The OODA Loop
The Observe-Orient-Decide-Act (“OODA”) Loop was developed by Colonel John Boyd, a U.S. Air Force fighter pilot and military strategist, as a decision-making tool for use in complex and high-stress situations.
Colonel Boyd knew that fighter pilots were constantly encountering high-stakes situations with life or death consequences. They needed a system for decision-making that would withstand the pressure and allow for continuous, context-driven improvements.
The OODA loop is an iterative process of four key steps:
- Observe: Observe the environment and gather information about the situation. Actively seek out information from various sources, such as data, reports, and feedback from stakeholders. It is essential to collect as much information as possible to gain a comprehensive understanding of the situation.
- Orient: Orient oneself to the situation. Analyze the information gathered in the observation phase and assess how it relates to the current situation. Consider previous experiences, biases, and mental models to help understand the context of the situation. The orient phase allows for a deeper understanding of the situation and helps to identify patterns or trends.
- Decide: Decide on a course of action based on the information gathered and the analysis conducted in the previous two steps. This decision-making process should take into account the potential risks, consequences, and outcomes of each option. It is important to consider different scenarios and their potential outcomes to select the most appropriate course of action.
- Act: Act on the decision made in the previous step. This involves executing the chosen course of action and monitoring its progress. It’s crucial to remain flexible and adaptable during this phase, as unforeseen challenges often arise, requiring a reassessment of the situation and a potential adjustment of the course of action.
The OODA loop is intended to be iterative, meaning that the results of each step feed back into the beginning of the loop, informing subsequent iterations. For example, new information gathered during the ACT phase may require a return to the OBSERVE phase to gather additional data.
The iterative approach enables continuous improvement and refinement of the decision-making process.
While initially created for military use, the OODA Loop has become a popular business decision-making tool, with companies such as Amazon, Toyota, and Apple known to incorporate the OODA Loop into the decision-making toolkits of their senior employees.

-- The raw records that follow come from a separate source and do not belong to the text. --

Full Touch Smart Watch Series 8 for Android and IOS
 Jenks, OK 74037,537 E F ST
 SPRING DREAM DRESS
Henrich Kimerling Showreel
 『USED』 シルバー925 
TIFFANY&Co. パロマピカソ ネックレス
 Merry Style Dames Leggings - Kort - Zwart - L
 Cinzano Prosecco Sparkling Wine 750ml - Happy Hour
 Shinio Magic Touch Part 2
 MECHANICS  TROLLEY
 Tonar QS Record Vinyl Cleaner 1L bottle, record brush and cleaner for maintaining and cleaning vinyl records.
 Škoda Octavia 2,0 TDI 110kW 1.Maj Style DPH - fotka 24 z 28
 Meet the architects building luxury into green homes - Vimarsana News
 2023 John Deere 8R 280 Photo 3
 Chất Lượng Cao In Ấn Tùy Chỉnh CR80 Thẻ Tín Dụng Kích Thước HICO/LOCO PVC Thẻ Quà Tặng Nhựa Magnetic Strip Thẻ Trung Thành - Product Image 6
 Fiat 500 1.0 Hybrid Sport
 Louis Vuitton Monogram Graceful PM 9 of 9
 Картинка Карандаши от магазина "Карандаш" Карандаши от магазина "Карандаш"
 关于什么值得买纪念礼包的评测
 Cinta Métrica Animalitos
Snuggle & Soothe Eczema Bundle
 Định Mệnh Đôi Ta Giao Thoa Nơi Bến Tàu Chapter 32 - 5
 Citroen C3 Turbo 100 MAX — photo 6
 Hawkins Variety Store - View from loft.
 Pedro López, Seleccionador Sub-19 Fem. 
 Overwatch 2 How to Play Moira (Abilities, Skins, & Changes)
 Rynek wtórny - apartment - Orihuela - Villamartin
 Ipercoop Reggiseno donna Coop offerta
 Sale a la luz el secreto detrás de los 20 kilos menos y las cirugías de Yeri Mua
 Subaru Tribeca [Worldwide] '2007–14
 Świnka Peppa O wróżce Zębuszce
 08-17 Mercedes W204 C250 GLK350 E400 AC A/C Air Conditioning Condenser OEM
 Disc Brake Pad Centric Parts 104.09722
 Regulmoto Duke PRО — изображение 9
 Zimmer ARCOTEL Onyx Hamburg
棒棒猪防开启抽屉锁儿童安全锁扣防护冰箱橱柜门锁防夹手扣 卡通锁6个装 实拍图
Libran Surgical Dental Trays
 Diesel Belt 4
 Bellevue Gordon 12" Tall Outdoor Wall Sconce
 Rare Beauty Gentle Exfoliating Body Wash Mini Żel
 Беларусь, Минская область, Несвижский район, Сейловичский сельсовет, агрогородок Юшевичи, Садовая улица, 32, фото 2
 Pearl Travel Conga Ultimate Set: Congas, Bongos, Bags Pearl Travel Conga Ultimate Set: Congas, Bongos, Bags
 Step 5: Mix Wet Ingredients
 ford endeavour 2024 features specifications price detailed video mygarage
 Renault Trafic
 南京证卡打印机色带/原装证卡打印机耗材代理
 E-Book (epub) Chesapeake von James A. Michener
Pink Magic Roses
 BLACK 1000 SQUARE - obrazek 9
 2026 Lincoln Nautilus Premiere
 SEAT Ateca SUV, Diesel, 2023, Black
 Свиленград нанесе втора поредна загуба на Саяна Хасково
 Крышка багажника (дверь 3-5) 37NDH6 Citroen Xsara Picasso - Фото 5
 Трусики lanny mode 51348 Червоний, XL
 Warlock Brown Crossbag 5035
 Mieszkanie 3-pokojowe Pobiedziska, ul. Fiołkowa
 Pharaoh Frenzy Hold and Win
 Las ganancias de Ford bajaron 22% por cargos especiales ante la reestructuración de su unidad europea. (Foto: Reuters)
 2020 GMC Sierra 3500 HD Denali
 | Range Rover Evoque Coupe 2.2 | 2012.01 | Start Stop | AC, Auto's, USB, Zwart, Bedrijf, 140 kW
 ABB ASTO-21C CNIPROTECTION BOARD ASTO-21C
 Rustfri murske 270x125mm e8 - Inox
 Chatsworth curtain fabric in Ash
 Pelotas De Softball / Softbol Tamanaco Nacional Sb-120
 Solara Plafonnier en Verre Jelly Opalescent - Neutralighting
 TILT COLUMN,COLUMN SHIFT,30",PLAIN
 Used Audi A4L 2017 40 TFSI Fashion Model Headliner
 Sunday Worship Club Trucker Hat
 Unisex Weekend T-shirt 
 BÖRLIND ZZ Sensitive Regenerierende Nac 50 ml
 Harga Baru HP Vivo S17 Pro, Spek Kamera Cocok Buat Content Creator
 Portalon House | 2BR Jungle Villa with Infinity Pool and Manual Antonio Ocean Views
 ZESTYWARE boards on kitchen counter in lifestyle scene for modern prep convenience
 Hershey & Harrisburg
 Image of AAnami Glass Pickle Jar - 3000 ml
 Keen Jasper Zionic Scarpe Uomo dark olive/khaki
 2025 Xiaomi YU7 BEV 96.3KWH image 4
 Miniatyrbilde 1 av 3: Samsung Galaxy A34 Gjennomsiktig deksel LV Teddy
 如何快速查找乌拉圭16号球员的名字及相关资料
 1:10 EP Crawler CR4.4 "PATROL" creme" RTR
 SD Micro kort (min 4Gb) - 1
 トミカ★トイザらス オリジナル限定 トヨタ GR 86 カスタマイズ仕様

The formal process laid out above can feel slow and intimidating, but once internalized, the OODA Loop is a tool for speed
- Observe the situation and mentally note any key data points.
- Place data in the context of existing knowledge and mental maps to create a picture of the current situation.
- Make a decision on how to act in light of that situation.
- Act and assess for any necessary adjustments.
As a rule of thumb, if you walk through it methodically 3-5 times, you’ll add it to your toolkit and be able to do it naturally in the future.